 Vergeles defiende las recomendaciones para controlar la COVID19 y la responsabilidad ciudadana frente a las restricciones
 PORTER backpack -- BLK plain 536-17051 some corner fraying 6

* * * * *

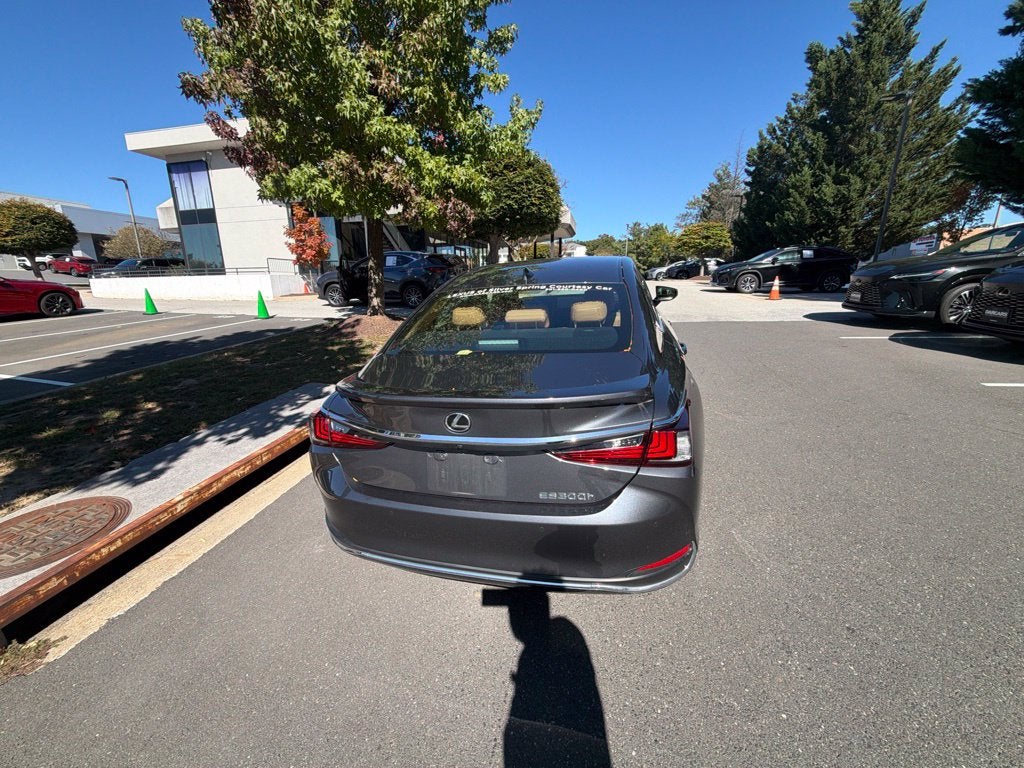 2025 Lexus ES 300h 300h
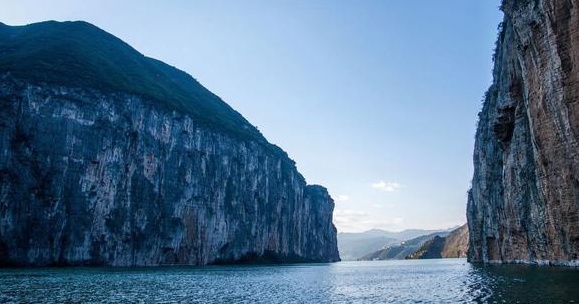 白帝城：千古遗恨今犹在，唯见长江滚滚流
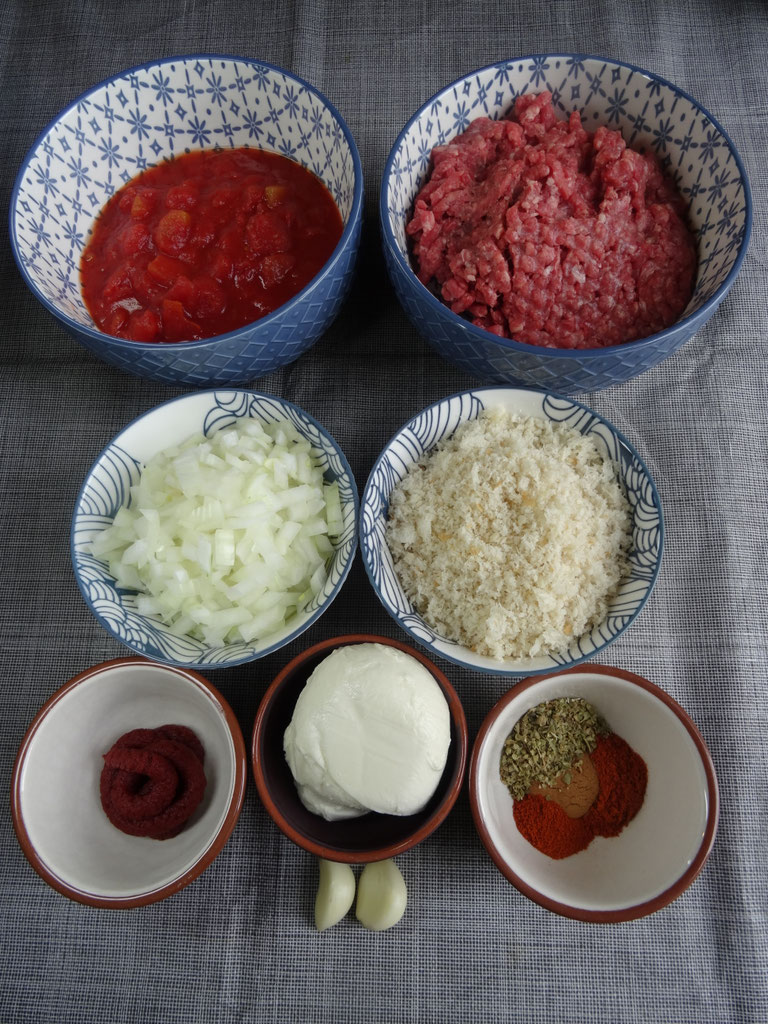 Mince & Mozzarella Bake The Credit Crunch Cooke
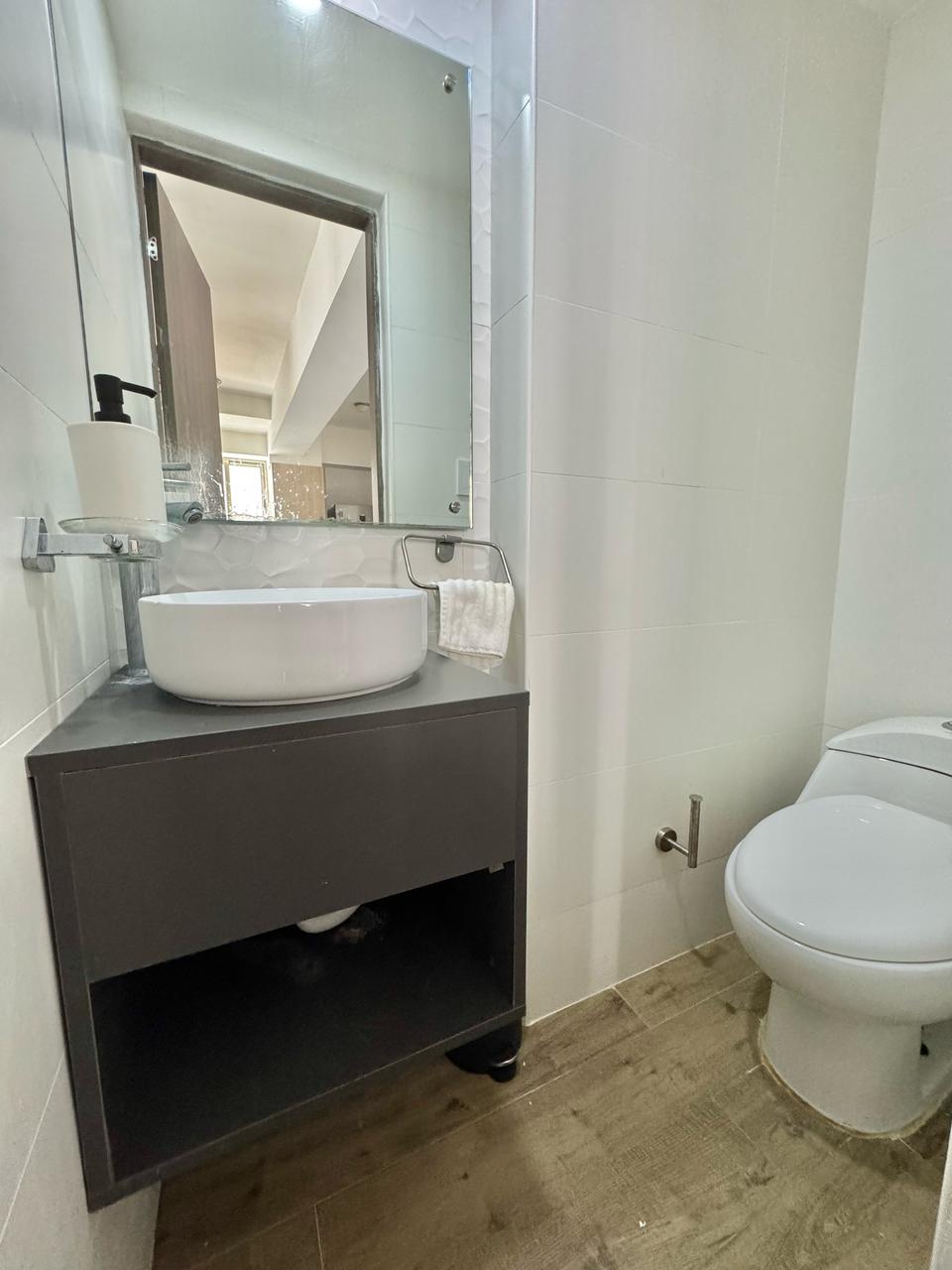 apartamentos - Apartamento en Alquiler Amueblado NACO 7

* * * * *

▶ WHAT IS REQUIRED
From the data above, reproduce word for word the lines running from the line with "Vergeles defiende las" to the line with "PORTER backpack -- BLK", ends included.

▶ YOUR RESPONSE
 Vergeles defiende las recomendaciones para controlar la COVID19 y la responsabilidad ciudadana frente a las restricciones
 PORTER backpack -- BLK plain 536-17051 some corner fraying 6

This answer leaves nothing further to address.